Şubat ayı sonlarına kadar 68 günlük bir süre boyunca gemi karantina altında Sarayburnu’nda bekletildikten sonra, tekrar Karadeniz’e çıkarılmak üzere çekilmek isteniyor. Yolcuların itirazları ayaklanmaları fayda etmiyor. Gemi çapası kesilerek, tamire gitmiş olan motoru olmaksızın Karadeniz’e çekilip kaderine terk ediliyor. 24 şubat 1942 sabahında Şile açıklarındayken gürültülü bir patlama sonrası batırılıyor. David Stoliar adında on sekiz yaşında bir genç dışında gemiden kurtulan olmuyor.  Bu bombalama eylemini kimin yaptığına dair de çeşitli spekülasyonlar yapılıyor hemen. Resmi makamlar sorumluluğunu üstlenmedikleri ve kaderlerine terk ettikleri geminin yaşadığı felaket ile ilgili açıklama yapmazken, geminin batmasından bir süre sonra Struma’nın  Karadeniz’de tarama yapan bir Sovyet denizaltısından atılan bir torpidoyla batırıldığı açıklanıyor. Bu deniz altının,  savaş sırasında Karadeniz’de şüpheli gördükleri gemilerin batırma emri aldığı açıklaması “katliamı” “kaza”  haline dönüştürüyor.
Devletler konu hakkında çok az konuşarak, tertemiz elleriyle, Struma’yı tarihin tozlu defterlerine gömerken, ölülerin bir kısmının,  kolay kazıldığı için Şile kumluklarına gömüldüğü rivayet ediliyor.
Öfke, şiddet, vicdan varsa itiraf, yoksa inkar, çok zor ama belki, özür. Öfke üzerine düşünürken çıkardığım akış şeması bu. Arada bir yerde unutmak, unutturmak da  olmalı mı acaba diyorum. Sanırım yüzleşip, özür dilemeden unutmak mümkün olmuyor.  

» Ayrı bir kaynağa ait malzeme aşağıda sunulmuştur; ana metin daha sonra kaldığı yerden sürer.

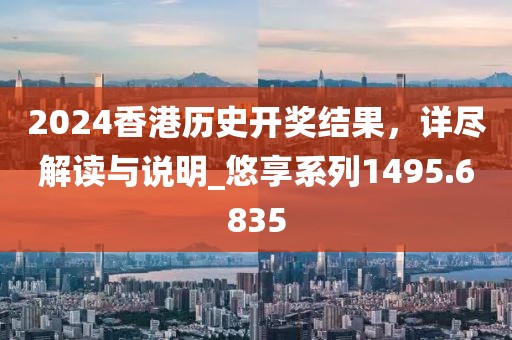 2024香港历史开奖结果，详尽解读与说明_悠享系列1495.6835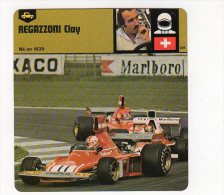 Sept15    63909  Regazzoni Clay   ( Fiche Auto ) - Car Racing - F1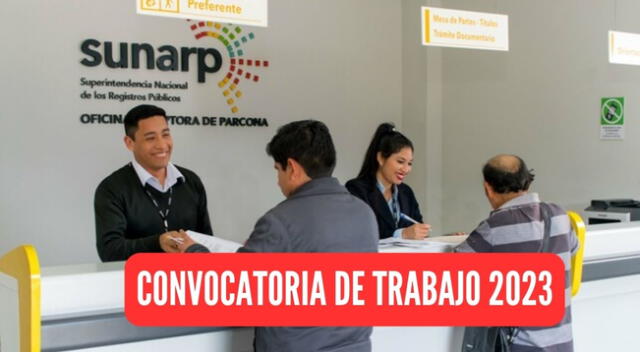 Conoce la nueva convocatoria de trabajo que viene ofreciendo la Sunarp.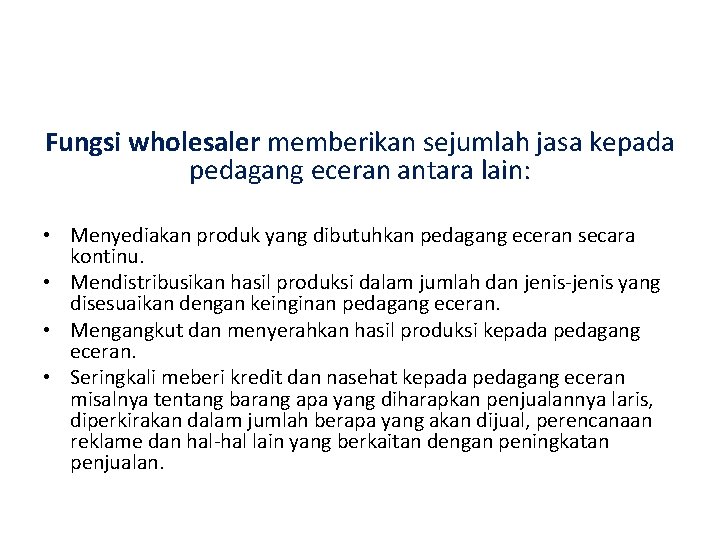 Fungsi wholesaler memberikan sejumlah jasa kepada pedagang eceran antara lain: • Menyediakan produk yang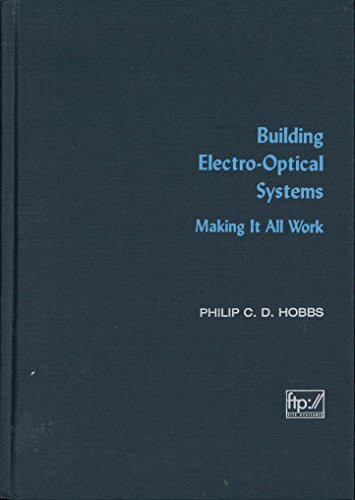 Building Electro-Optical Systems: Making It All Work (Wiley Series in Pure & Applied Optics)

Kaynak: Yahudilerin İstanbul’u –Okşan Svastics-Struma gemisi
   


1 yorum:

  1. Buna benzer bir hikaye okumuş, okuduğumda çok etkilenmiş, vicdanımın sızlamasından vicdanımı sorumlu (suçlu) tutmuş, "Acaba"larla çok cebelleşmiş, daha başka okumaya devam edersem, öğreneceklerimi kaldıramaycağımı düşünmüş, sonunda "acaba?" demeye devam etmeye karar vermiştim. Şimdi düşününce kaçmakla, yaşananların yok olmadığını, ama benim onları yok saymaya çalıştığımı görüyorum. Hala net değil gözümde, flu. "Acaba?"